### About this task
After locating the line containing "Panzerwrecks Limited Nurnberg's" in the entries below, please write out that line and the rest through the end exactly. Omit pictures.

### Records for this task
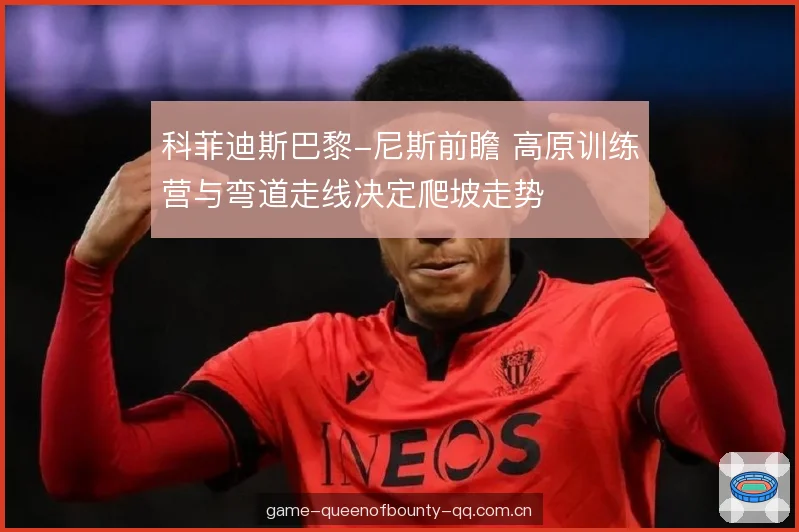 科菲迪斯巴黎-尼斯前瞻 高原训练营与弯道走线决定爬坡走势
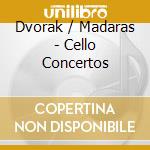 Dvorak / Madaras - Cello Concertos cd musicale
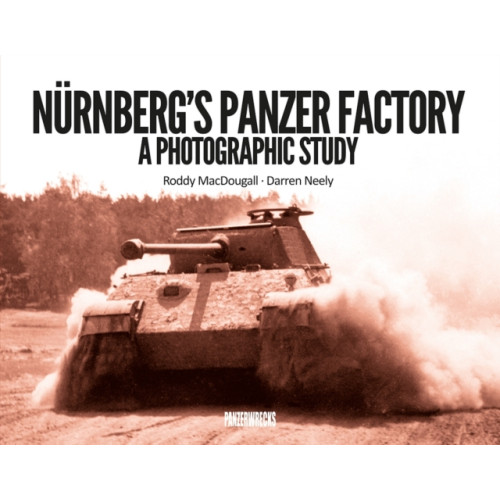 Panzerwrecks Limited Nurnberg's Panzer Factory (inbunden, eng)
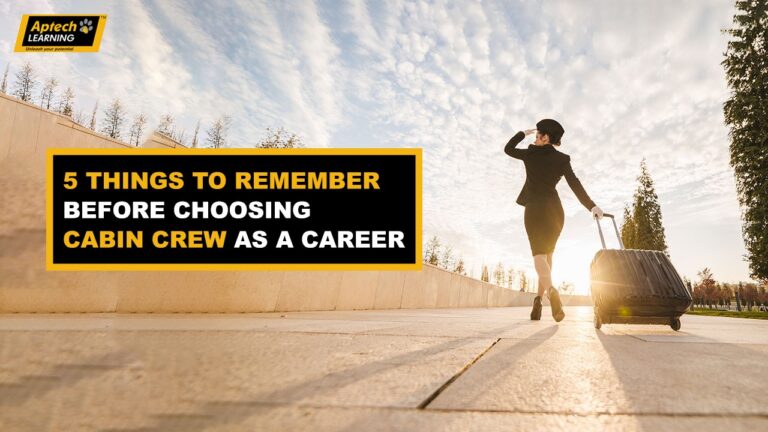 cabin crew as a career - Aptech Gariahat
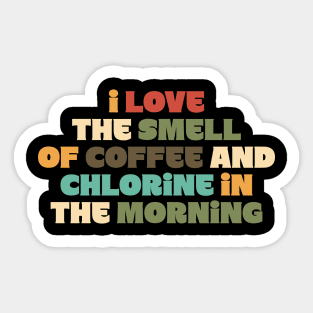 I Love the Smell of Coffee and Chlorine in the Morning Sticker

### Written solution
 Panzerwrecks Limited Nurnberg's Panzer Factory (inbunden, eng)
 cabin crew as a career - Aptech Gariahat
 I Love the Smell of Coffee and Chlorine in the Morning Sticker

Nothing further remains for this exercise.